The forging of a meaningful life in the community must be driven by the true hopes and dreams of individuals and families—hopes and dreams that may have been worn down by years, decades or even generations of poverty, prejudice, trauma, illness and hopelessness. Traditionally seen as sources of danger, temptation and deprivation surrounding the treatment refuge, communities must instead be seen for and cultivated as sources of support, fellowship, civic engagement and healing. Behavioral health organizations and providers must recapture their roles as members of and contributors to their communities, so they can foster the exchange of resources between those communities and the individuals and families they serve.

7 Goals

To make these practice guidelines useful for real human beings doing real work, the action-oriented strategies within each of the four domains have been organized under seven functional goals.

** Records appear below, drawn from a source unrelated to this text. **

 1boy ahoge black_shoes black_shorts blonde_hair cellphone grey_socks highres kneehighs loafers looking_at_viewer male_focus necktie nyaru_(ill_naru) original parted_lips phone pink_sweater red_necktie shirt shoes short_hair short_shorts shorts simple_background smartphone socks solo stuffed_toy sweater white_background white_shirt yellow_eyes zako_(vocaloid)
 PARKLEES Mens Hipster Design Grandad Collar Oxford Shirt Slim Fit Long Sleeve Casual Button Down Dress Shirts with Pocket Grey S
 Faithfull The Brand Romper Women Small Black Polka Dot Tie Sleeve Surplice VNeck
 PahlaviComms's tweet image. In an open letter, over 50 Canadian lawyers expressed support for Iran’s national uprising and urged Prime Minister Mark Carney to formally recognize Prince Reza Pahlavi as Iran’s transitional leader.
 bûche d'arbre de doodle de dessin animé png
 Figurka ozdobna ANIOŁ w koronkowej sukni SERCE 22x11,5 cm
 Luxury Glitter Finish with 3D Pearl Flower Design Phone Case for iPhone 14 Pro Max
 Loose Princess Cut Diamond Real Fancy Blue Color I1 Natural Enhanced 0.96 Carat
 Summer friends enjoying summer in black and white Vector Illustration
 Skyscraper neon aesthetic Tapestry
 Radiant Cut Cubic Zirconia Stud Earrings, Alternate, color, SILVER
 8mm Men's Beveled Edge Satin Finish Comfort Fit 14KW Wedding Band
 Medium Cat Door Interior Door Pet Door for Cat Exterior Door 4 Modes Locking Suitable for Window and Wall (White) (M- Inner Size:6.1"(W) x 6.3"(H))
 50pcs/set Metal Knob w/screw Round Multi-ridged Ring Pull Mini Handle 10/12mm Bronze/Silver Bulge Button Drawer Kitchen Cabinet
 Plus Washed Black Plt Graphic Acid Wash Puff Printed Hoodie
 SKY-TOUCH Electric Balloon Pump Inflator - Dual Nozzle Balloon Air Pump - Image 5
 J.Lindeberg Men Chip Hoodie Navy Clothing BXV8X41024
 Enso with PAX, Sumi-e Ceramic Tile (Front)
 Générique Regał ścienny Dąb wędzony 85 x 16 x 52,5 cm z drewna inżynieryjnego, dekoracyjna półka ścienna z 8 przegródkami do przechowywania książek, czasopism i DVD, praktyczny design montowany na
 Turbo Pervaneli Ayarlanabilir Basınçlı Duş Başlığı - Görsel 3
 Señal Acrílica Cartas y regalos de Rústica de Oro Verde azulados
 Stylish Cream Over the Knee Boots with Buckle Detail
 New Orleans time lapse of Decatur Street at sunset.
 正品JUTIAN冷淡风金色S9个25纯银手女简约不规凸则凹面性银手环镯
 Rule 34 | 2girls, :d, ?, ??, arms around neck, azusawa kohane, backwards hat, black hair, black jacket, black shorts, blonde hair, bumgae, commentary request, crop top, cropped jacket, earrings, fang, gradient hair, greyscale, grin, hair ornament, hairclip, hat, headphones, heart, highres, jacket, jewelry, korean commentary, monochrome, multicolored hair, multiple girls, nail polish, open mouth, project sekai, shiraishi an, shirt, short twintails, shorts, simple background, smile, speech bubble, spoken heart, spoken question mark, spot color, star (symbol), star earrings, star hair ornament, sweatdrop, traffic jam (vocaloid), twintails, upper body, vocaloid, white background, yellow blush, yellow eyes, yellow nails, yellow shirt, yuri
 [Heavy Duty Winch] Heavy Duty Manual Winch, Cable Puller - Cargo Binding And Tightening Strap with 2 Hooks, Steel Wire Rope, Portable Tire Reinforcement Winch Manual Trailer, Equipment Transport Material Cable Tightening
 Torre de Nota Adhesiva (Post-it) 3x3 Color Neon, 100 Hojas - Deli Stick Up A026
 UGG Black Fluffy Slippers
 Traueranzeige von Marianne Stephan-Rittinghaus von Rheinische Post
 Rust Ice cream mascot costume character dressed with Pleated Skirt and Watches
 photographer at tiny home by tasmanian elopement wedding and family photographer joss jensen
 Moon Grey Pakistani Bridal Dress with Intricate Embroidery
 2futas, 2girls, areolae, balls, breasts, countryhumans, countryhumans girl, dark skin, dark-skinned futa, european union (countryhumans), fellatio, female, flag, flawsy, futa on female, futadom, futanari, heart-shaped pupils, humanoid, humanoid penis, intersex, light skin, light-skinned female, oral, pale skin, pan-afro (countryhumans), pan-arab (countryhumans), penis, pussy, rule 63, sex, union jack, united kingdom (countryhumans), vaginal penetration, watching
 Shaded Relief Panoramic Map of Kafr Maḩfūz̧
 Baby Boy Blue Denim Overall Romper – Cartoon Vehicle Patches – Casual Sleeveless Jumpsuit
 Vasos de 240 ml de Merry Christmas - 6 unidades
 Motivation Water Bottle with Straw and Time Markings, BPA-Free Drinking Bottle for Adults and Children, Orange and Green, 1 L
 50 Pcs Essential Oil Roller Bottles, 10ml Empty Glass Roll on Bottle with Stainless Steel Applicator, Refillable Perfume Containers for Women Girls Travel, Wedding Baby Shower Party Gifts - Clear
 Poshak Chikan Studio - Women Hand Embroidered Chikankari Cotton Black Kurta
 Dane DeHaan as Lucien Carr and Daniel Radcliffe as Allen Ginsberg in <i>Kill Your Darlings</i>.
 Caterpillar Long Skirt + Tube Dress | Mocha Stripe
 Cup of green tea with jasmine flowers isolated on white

  • Provide integrated services
  • Create an atmosphere that promotes strength, recovery and resilience
  • Develop inclusive, collaborative service teams and processes
  • Provide services, training and supervision that promote recovery and resilience
  • Provide individualized services to identify and address barriers to wellness
  • Achieve successful outcomes through empirically informed approaches
  • Promote recovery and resilience through evaluation and quality-improvement processes
Strategies

The Practice Guidelines is a living document that is intended to grow with use in the real world. Use the 10 Core Values, 4 Domains and 7 Goals as a foundation to discover your own strategies to enact a more resilience and recovery oriented approach in the treatment you provide. In fact, the Practice Guidelines were developed as a means to standardize some of the great innovations that have been made in the Philadelphia behavioral health system by stakeholders like you.